(Captioned web image data)
┌──
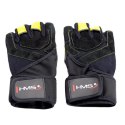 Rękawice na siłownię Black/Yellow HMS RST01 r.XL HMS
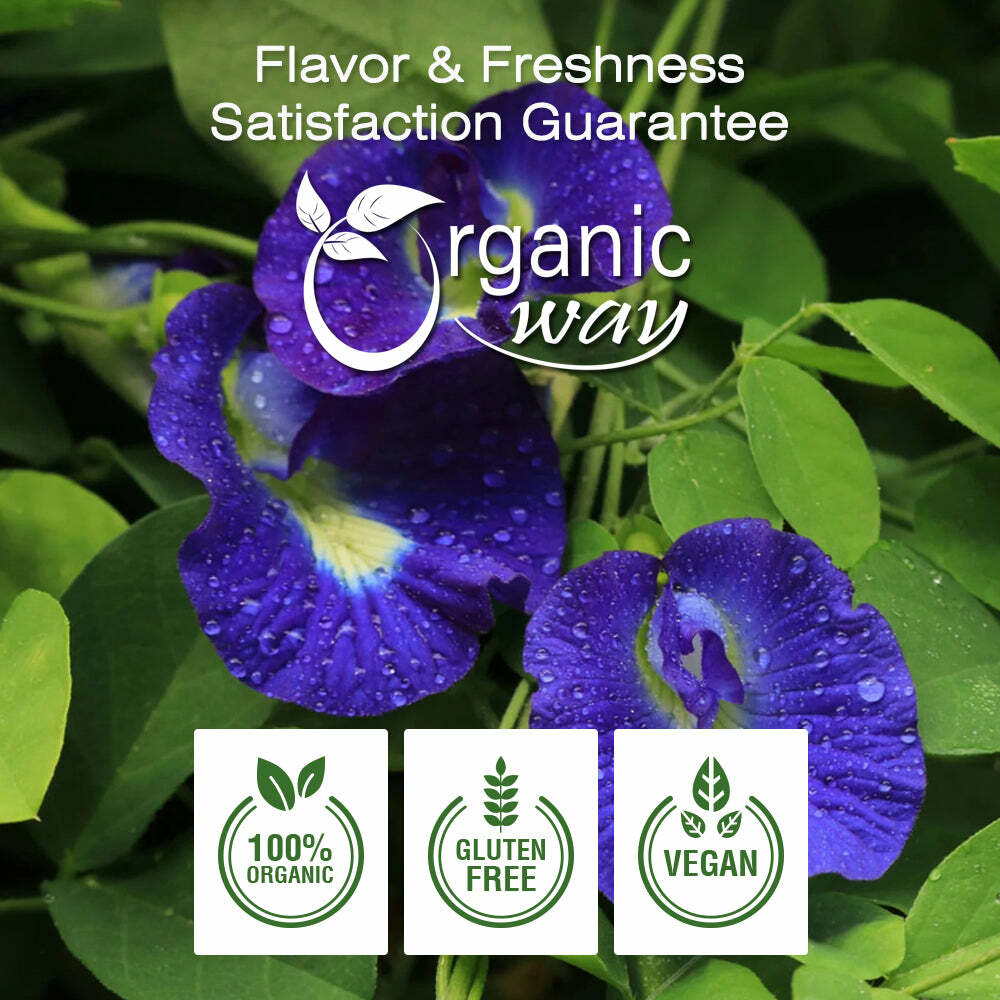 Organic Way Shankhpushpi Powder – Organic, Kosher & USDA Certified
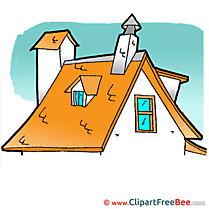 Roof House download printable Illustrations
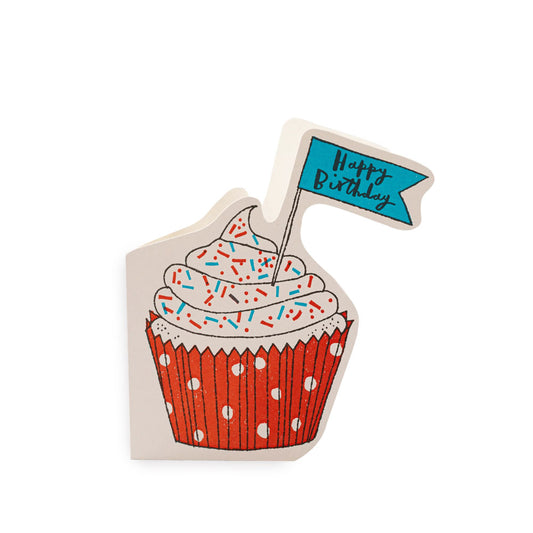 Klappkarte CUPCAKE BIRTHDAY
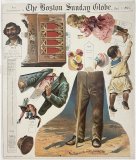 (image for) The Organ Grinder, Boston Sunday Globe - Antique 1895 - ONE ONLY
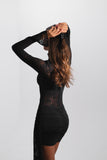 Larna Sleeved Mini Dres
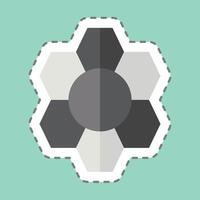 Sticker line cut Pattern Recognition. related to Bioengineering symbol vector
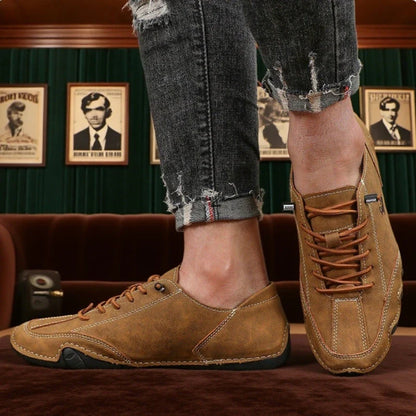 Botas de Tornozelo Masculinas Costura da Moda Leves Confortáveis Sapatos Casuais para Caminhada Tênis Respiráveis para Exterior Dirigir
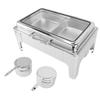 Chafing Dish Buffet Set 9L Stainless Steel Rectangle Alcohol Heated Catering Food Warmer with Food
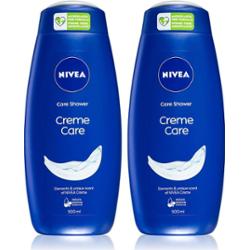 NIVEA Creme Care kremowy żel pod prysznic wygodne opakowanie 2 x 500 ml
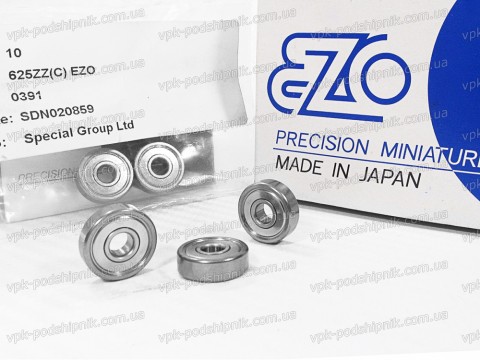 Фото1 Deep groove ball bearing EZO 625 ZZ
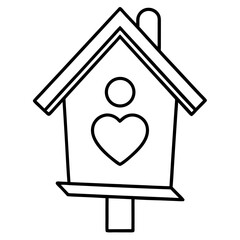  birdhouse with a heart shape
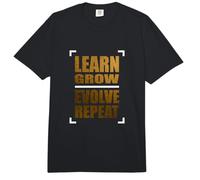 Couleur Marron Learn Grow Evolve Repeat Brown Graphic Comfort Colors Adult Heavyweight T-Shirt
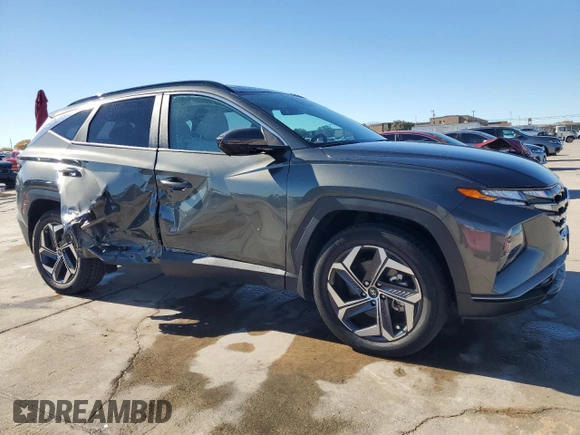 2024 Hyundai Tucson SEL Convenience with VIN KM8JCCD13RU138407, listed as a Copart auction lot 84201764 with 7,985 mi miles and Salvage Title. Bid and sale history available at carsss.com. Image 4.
└──
**Task requirements**
Only the records, copied exactly and without pictures, should make up the answer.

**Exercise result**
 Rękawice na siłownię Black/Yellow HMS RST01 r.XL HMS
 Organic Way Shankhpushpi Powder – Organic, Kosher & USDA Certified
 Roof House download printable Illustrations
 Klappkarte CUPCAKE BIRTHDAY
 (image for) The Organ Grinder, Boston Sunday Globe - Antique 1895 - ONE ONLY
 Larna Sleeved Mini Dres
 Sticker line cut Pattern Recognition. related to Bioengineering symbol vector
 Botas de Tornozelo Masculinas Costura da Moda Leves Confortáveis Sapatos Casuais para Caminhada Tênis Respiráveis para Exterior Dirigir
 Chafing Dish Buffet Set 9L Stainless Steel Rectangle Alcohol Heated Catering Food Warmer with Food
 NIVEA Creme Care kremowy żel pod prysznic wygodne opakowanie 2 x 500 ml
 Фото1 Deep groove ball bearing EZO 625 ZZ
  birdhouse with a heart shape
 Couleur Marron Learn Grow Evolve Repeat Brown Graphic Comfort Colors Adult Heavyweight T-Shirt
 2024 Hyundai Tucson SEL Convenience with VIN KM8JCCD13RU138407, listed as a Copart auction lot 84201764 with 7,985 mi miles and Salvage Title. Bid and sale history available at carsss.com. Image 4.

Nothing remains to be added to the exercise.